▼

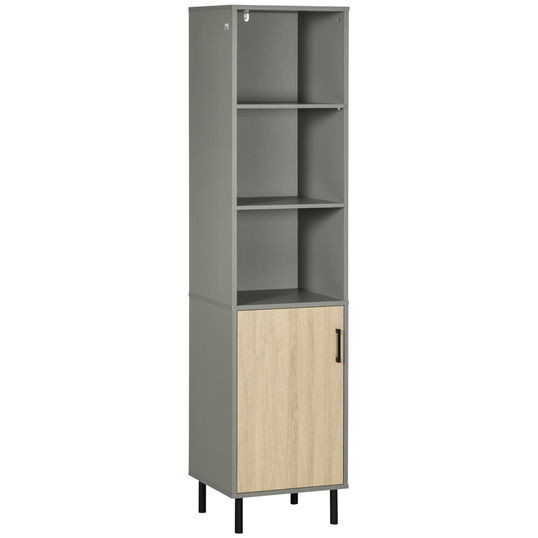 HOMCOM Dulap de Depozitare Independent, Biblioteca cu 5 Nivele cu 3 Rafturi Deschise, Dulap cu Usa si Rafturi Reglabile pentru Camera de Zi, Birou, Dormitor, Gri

▲
▼

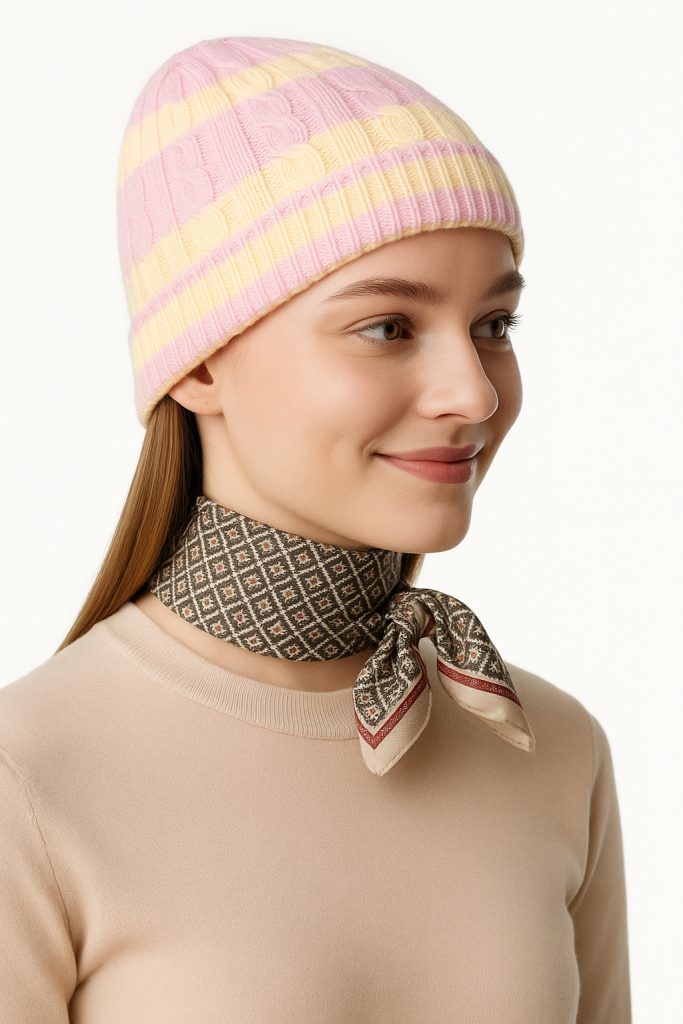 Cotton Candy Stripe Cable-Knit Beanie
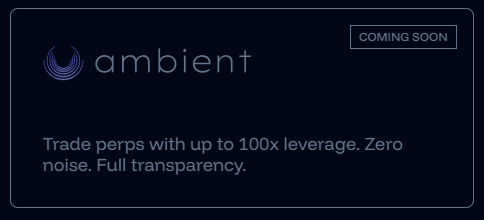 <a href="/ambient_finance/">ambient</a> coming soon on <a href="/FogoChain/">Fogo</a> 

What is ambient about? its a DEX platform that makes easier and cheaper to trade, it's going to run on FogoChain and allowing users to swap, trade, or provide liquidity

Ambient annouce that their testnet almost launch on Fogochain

▲

For the records above, state how many lines contain the word "that". Give only the number.

2